PROBLEM TO WORK ON
Go through the listing below and retype exactly the lines starting at the one with "Lustré / MO#3548" and ending at the one with "Skull - High", skipping pictures.

BEGIN SUPPLIED DATA

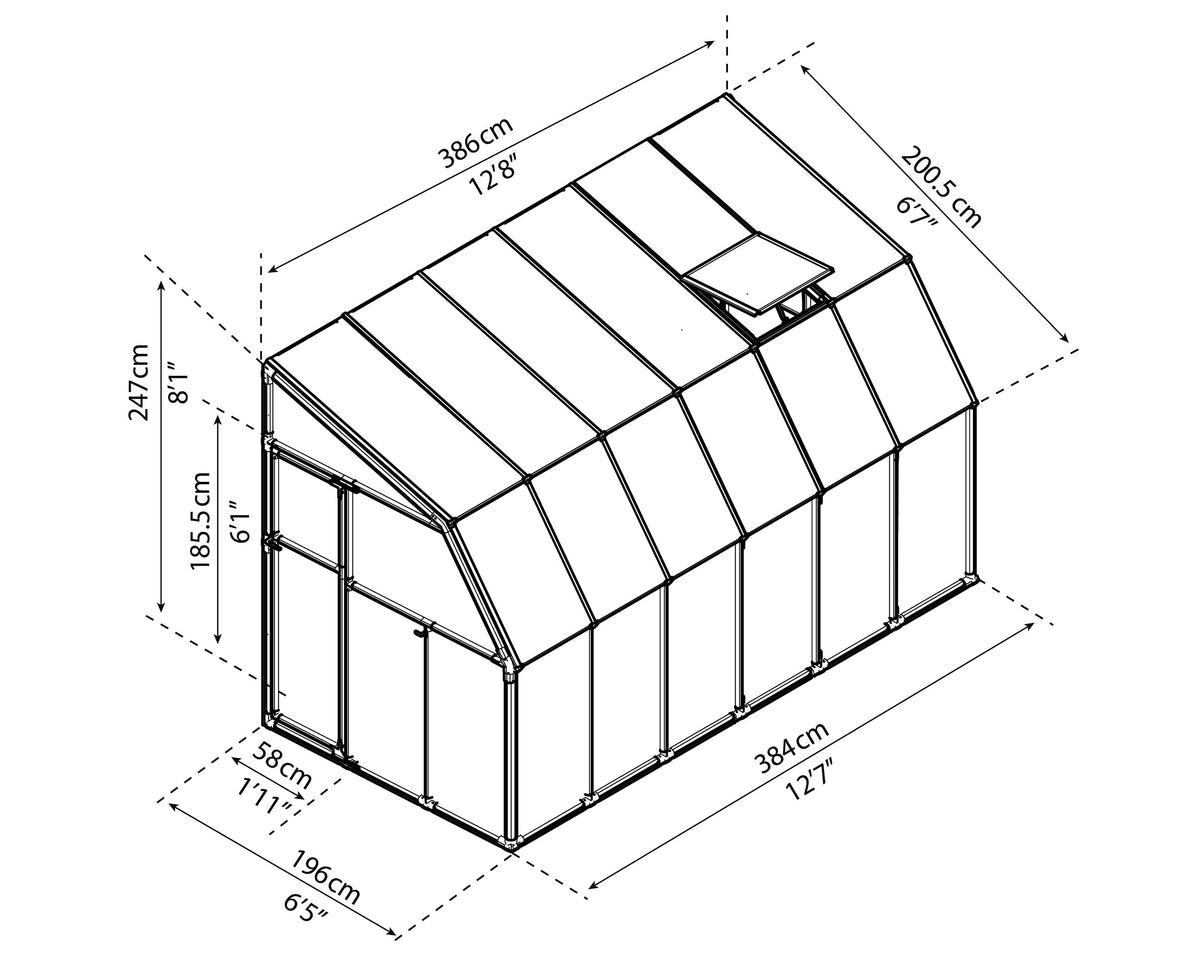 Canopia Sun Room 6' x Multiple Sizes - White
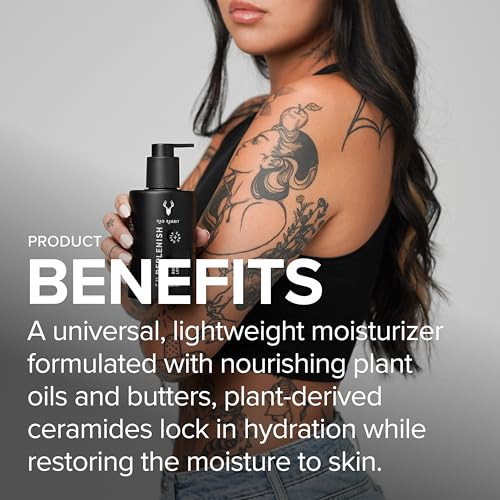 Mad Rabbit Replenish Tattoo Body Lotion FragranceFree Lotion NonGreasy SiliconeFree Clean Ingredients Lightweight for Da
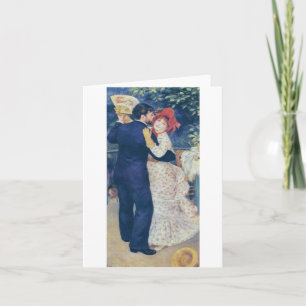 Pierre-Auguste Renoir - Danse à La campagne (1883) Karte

END SUPPLIED DATA
BEGIN SUPPLIED DATA

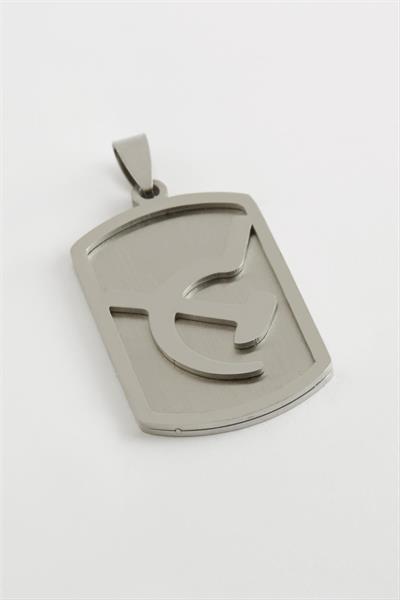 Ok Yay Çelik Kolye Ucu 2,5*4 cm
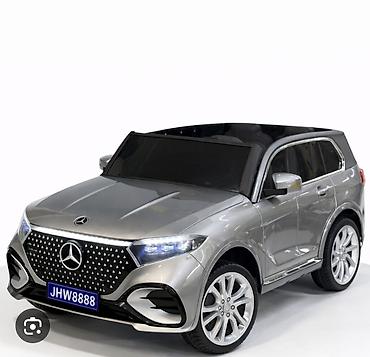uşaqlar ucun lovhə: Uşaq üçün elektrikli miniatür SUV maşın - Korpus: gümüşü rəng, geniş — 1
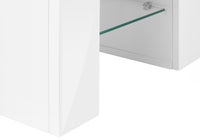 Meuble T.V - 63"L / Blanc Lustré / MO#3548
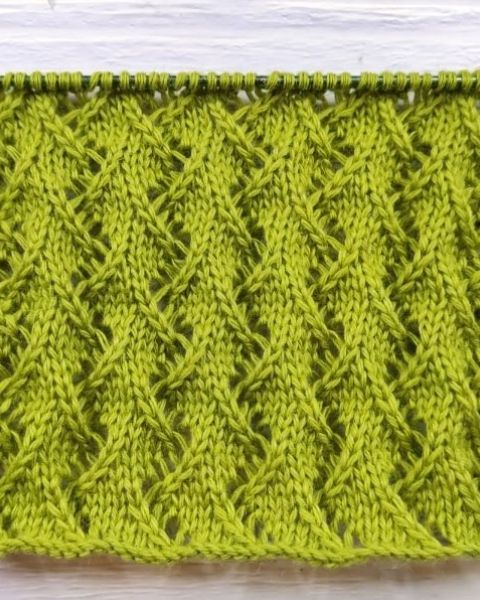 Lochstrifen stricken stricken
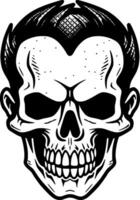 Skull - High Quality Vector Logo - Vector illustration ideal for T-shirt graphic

END SUPPLIED DATA

RESULT
 Meuble T.V - 63"L / Blanc Lustré / MO#3548
 Lochstrifen stricken stricken
 Skull - High Quality Vector Logo - Vector illustration ideal for T-shirt graphic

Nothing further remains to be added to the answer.